"I was wrong because my sources were wrong." -- Former New York Times reporter Judith Miller, 2005.
"We got it wrong because our very good sources had it wrong." New York Times Deputy Executive Editor Matt Purdy, 2015.
One of the most baffling elements to The New York Times botched story about a fictional "criminal" investigation bearing down on Hillary Clinton over her use of a private email account is the seemingly shrug-of-the-shoulders response from the Times editors who are ultimately responsible for the newsroom's black eye.
Rather than signaling that they're drilling down to find out exactly what went wrong and how such a painfully inaccurate story landed on the Times' front page (there is no criminal investigation), to date editors seem content to simply blame sources for giving Times reporters bad information.
"This story demands more than a promise to do better the next time, and more than a shrug," wrote Norm Ornstein in The Atlantic. "Someone should be held accountable here, with suspension or other action that fits the gravity of the offense."
But there's no indication that's going to happen, largely because there's no indication editors blame the reporters or themselves for the embarrassing failure.
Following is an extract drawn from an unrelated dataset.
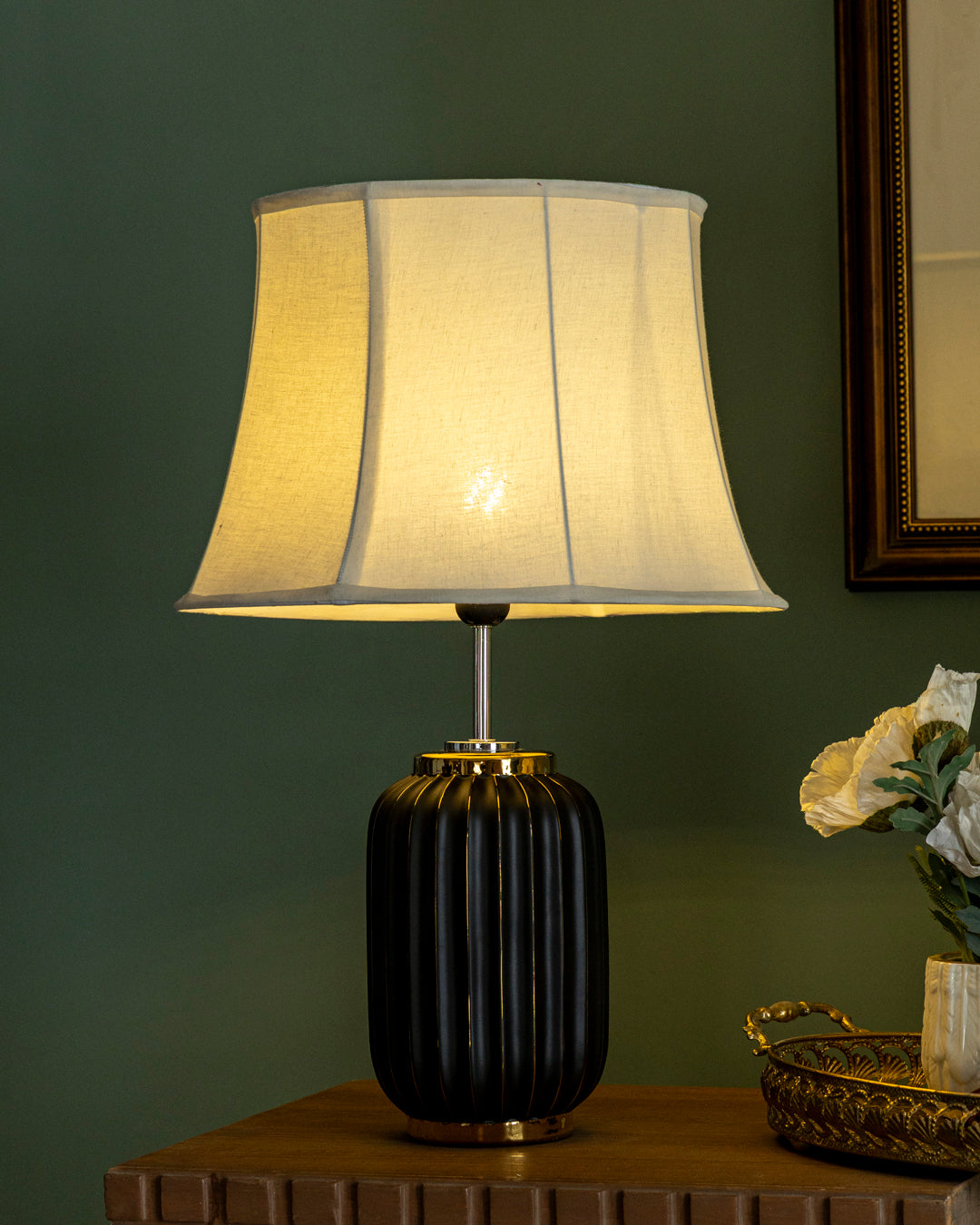 Atlas Column Table Lamp - Black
Instead, they mostly fault sources who gave the Timesbogus information about an alleged "criminal" probe of Clinton sought by two inspectors general.
Answering questions put to them by the Times' public editor Margaret Sullivan, who labeled the email story a "mess," senior editors worked hard to absolve their reporters. "We got it wrong because our very good sources had it wrong," said deputy executive editor Matt Purdy, who also stressed the newspaper takes seriously its obligation to be factually accurate. Added executive editor Dean Baquet: "You had the government confirming that it was a criminal referral. I'm not sure what they could have done differently on that."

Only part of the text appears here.